WASHINGTON (CNS) -- When a house is on fire, you don't lock
the doors to the outside to help save the people trapped inside, but that's
what U.S. policy is doing when it brings to an end two immigration programs
that have helped more than 200,000 Salvadorans live, study and work in the
U.S., said a U.S. archbishop April 13.
Miami Archbishop Thomas G. Wenski made the comments as as he joined Salvadoran
bishops in Washington on a panel about the roots causes of poverty, violence
and migration.
Archbishop Wenski accompanied Archbishop Jose Luis Escobar
Alas of San Salvador, Cardinal Gregorio Rosa Chavez and two
other Salvadoran bishops on the last day of a historic visit by the prelates to
plead with U.S. lawmakers to protect through legislation Salvadorans who
benefit from Temporary Protected Status and the Deferred Action for Childhood
Arrivals programs.
Returning the combined 215,000 Salvadorans who benefit from
those programs to the country's unrelenting violence and economic instability
would mean devastating the nation further, breaking up families in the process
and taking away the only income some families have, they said.

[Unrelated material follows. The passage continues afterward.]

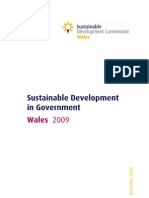 Sustainable Development in Government: Wales 2009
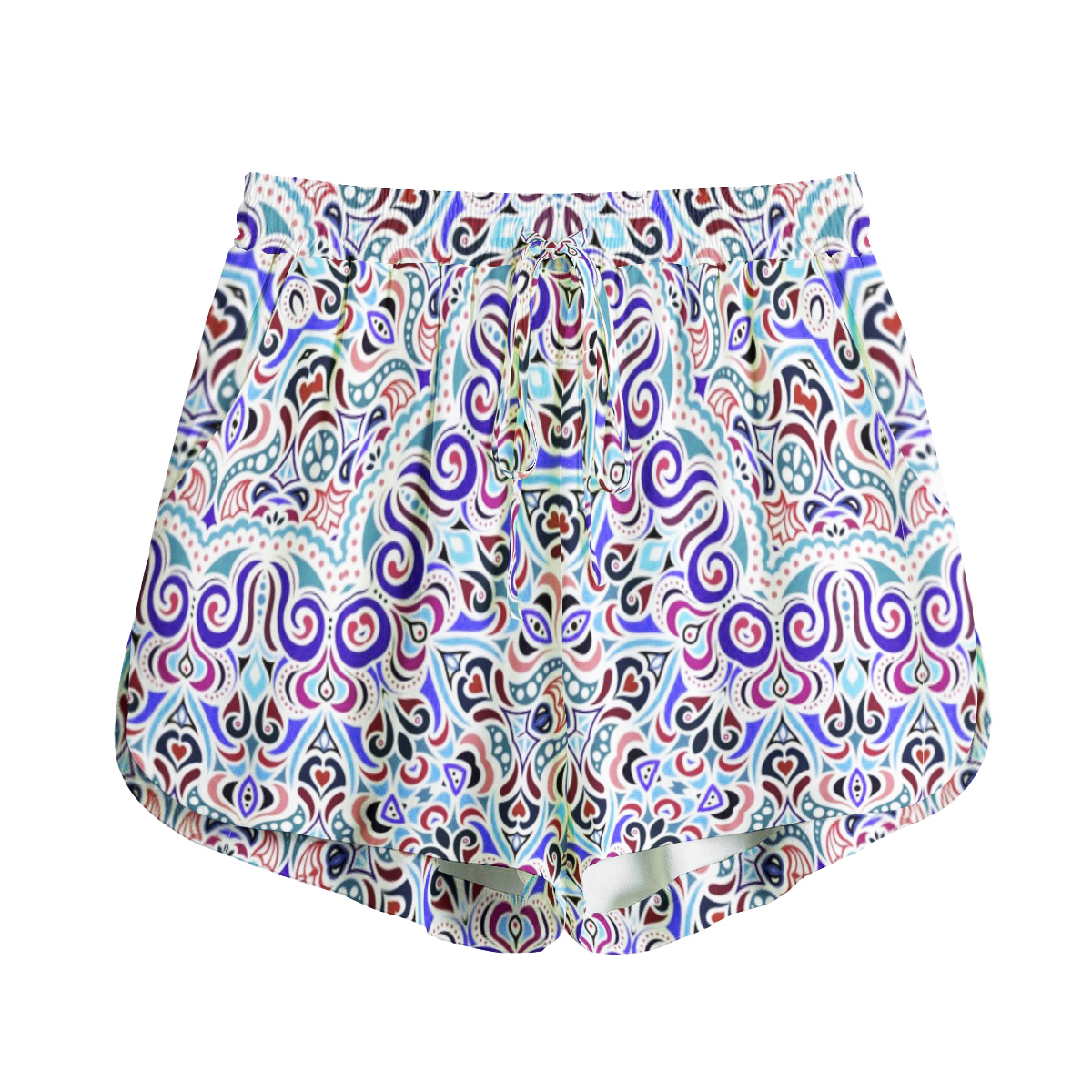 Red - Blue - Pink Rayon Shorts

TPS and DACA provide work permits and other protections to
immigrants who meet certain criteria. The Trump administration announced
these programs were ending. The future of DACA is temporarily tied up
in the courts and also
is pending action from Congress, which has expressed willingness to
provide
protection for the beneficiaries in some form. TPS recipients from El
Salvador,
however, have been told to get their affairs in order by the time the
program
expires in September 2019.
"We're here this week to support the church in El Salvador
because we speak with one voice and because the end of TPS represents a real
crisis, not only for those who are here ... but also for the people in El
Salvador," said Archbishop Wenski. "The end of TPS presents a real crisis."
Archbishop Escobar said El Salvador does not want to see its
people leave but often it's not a choice.
"If people leave, it's because of the situation in the
country," including the violence at the hands of gangs that affects the poor
and working class and the lack of opportunities that sometimes drive youth to
join the violence, the archbishop said.
Archbishop Escobar said the meetings in Washington, facilitated
by officials from U.S. Conference of Catholic Bishops' Migration and Refugee
Services and Catholic Relief Services, were to express the need to keep the immigration
programs alive. They also were a chance to tell U.S. officials that the country needs aid to
develop economic opportunities for its people, not just to combat violence. After
all, poor economic conditions have been largely to blame for the country's
history of violence.
Social exclusion, idolatry of money, impunity, corruption
and individualism have been to blame for the problems that led to a 12-year
civil war in the 1980s and early 1990s, but also for the current strife,
Archbishop Escobar said.
Cardinal Rosa Chavez, who said he works with a program that
reaches out to gang members, explained that he has spoken to some of the youth and asked
them why they felt the need for violence. He also, he said, has asked them why they were
willing to accept the help the church was giving them.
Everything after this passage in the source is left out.